Por lo menos en número de muertos lo hará, seguro. Los nombres que se recitan cada 11/S en la zona cero, el sitio que ocupaban las Torres Gemelas, son 2.983. Y el conteo de fallecimientos por el coronavirus ya va en 1.139 sin que ha yan llegado las semanas más críticas de este primer embate de la pandemia. No era difícil imaginar que la ciudad más cosmopolita del planeta, con nueve millones de habitantes en sus cinco distritos, sería plato predilecto del virus. La hiperconexión aérea de la inmensa urbe garantizaba su aterrizaje en cualquier momento.
Desde el primero de marzo, cuando el gobernador del Estado, Andrew Cuomo, confirmó el primer caso –una mujer de 30 años que hacía poco había estado en Irán, país plagado de casos y muertos– la cifra de positivos entró en una espiral que va en más de 92.700 casos en el estado y 2.653 muertos. En la ciudad se registran más de 51.000 casos y 1.560 fallecidos por el virus.
Entre tanto, la ciudad ruidosa y multitudinaria se ha ido diluyendo a medida que crece el pánico en la gente. Turistas no hay, tampoco filas en el Empire State y Broadway lleva más de tres semanas apagado. Cientos de calles lucen desiertas, mientras el mundo de la conexión virtual alcanza niveles récord. Se sale solo para lo necesario. Aislarse es la premisa, aunque en una urbe como esta parece misión imposible lograrlo del todo.
En aquel momento del primer caso, Cuomo le dijo a la gente que no había razón para una ansiedad indebida. “El riesgo general sigue siendo bajo”, afirmó. Sin embargo, exactamente un mes después, el propio gobernador le dijo a la prensa que, según el modelo de sus asesores, el punto crítico llegaría a finales de abril y no a mediados, como se creía, pero que la emergencia con alta mortalidad podría extenderse hasta julio, en pleno verano.
En las palabras y el tono de Cuomo –heredero del poder político de su padre, Mario Cuomo, quien también fue gobernador– se nota ya el desespero. En su cabeza hay dos escenarios posibles: si los neoyorquinos son disciplinados y respetan el distanciamiento social, se necesitarían 75.000 camas y 25.000 ventiladores para los pacientes más comprometidos. Si la ciudadanía no responde, el número de contagios sería por supuesto mayor, a tal punto que se necesitarían 37.000 ventiladores y 110.000 camas, algo que es “simplemente inalcanzable”, según el propio gobernador.

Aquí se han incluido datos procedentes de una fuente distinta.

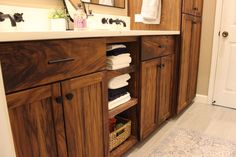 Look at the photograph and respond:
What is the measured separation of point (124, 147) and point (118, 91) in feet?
1.39

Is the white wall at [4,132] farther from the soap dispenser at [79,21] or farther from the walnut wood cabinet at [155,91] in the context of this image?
the walnut wood cabinet at [155,91]

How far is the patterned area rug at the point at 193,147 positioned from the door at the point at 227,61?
2.84 feet

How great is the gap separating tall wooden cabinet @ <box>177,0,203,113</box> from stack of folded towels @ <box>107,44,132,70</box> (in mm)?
804

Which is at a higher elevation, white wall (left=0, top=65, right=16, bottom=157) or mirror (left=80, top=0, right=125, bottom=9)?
mirror (left=80, top=0, right=125, bottom=9)

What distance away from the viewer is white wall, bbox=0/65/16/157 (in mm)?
656

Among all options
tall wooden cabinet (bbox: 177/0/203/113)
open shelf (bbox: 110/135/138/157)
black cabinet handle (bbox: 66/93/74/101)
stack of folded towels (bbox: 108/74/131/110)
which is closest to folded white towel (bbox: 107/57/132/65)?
stack of folded towels (bbox: 108/74/131/110)

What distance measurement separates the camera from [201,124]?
1988mm

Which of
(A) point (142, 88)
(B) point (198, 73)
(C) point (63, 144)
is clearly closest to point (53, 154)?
(C) point (63, 144)

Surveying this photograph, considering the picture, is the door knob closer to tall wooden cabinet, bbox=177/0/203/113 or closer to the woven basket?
tall wooden cabinet, bbox=177/0/203/113

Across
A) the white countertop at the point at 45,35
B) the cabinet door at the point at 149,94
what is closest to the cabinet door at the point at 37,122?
the white countertop at the point at 45,35

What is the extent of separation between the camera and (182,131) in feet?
6.05

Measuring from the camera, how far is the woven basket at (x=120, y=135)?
136 cm

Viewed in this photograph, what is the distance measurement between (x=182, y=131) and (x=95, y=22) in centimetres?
127

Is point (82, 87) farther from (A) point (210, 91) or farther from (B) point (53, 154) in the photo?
(A) point (210, 91) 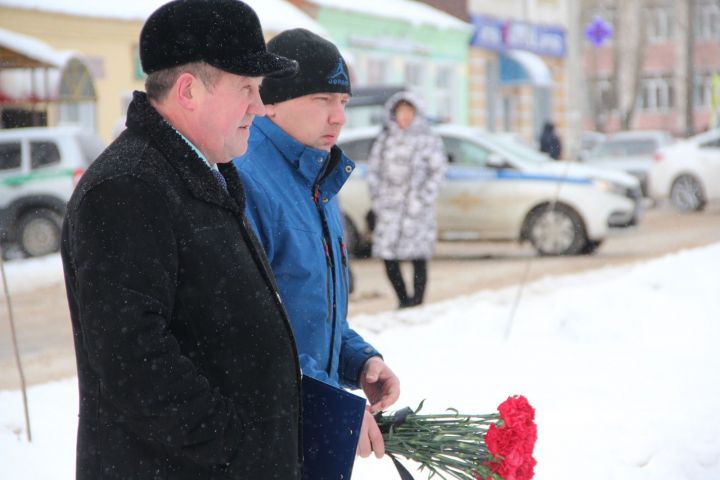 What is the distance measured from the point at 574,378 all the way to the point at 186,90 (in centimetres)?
428

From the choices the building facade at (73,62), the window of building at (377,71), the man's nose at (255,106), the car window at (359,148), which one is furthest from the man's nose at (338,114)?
the window of building at (377,71)

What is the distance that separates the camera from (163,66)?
2105 mm

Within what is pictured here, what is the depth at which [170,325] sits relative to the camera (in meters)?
2.01

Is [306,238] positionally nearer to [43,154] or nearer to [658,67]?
[43,154]

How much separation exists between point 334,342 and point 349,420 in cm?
42

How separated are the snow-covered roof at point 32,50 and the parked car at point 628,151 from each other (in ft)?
39.7

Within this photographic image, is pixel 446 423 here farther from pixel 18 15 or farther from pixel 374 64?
pixel 374 64

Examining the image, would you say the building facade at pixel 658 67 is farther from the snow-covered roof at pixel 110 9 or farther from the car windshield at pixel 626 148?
the snow-covered roof at pixel 110 9

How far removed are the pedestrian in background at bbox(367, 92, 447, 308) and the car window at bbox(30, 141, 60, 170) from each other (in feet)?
18.4

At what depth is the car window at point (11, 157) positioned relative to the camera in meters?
14.1

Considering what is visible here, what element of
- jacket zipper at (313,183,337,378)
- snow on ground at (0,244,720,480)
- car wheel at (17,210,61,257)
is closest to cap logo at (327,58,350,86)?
jacket zipper at (313,183,337,378)

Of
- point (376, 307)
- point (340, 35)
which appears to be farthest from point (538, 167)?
point (340, 35)

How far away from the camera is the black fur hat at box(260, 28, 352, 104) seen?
9.52 ft

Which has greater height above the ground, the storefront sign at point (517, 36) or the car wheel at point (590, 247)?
the storefront sign at point (517, 36) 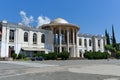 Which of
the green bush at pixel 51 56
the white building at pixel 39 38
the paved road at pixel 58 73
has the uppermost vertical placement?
the white building at pixel 39 38

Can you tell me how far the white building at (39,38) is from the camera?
1865 inches

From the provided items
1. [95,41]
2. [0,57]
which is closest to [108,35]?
[95,41]

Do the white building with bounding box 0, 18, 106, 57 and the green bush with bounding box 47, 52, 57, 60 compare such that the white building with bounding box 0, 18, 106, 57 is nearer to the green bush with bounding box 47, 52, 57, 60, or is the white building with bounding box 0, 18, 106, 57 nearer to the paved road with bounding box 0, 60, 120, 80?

La ciudad esta preparada para lo que venga la próxima semana, aunque faltan ventiladores, según el alcalde, Bill de Blasio, y necesitará ayuda para las siguientes. De hecho, tendrá que alcanzar algo que Di Blasio no dudó en calificar de “épico”: tener disponibles, antes de que finalice el mes, 65.000 camas hospitalarias, el triple de lo de hoy.
Y para ir avanzando en ese desesperado propósito se tomaron diversos escenarios de la ciudad: el centro de convenciones Jacob Javits es hoy una colmena de pequeñas habitaciones; el estadio de tenis de Flushing Meadows, en Queens, donde se disputa cada año el Abierto de Estados Unidos, fue convertido en un hospital de 350 camas e incluso en el icónico Central Park montaron media docena de carpas, donde se instalarán alrededor de 70 camas. Hasta el buque USNS Comfort está atracado en la bahía para ayudar, con sus 1000 camas y quirófanos, a atender pacientes con otras dolencias mientras los hospitales de la ciudad se dedican a atender casos de la covid-19.
De ese tenor es el reto, que no solo deja ver preocupación en políticos como Cuomo o Di Blasio, sino en la cara de la gente en la calle, que se siente sumergida en una película, con la cara de pánico contenida y el miedo a flor de piel, tras el anuncio del presidente Donald Trump, quien el martes pidió a los estadounidenses prepararse para “dos semanas muy dolorosas”, aunque en realidad podrían ser varias más.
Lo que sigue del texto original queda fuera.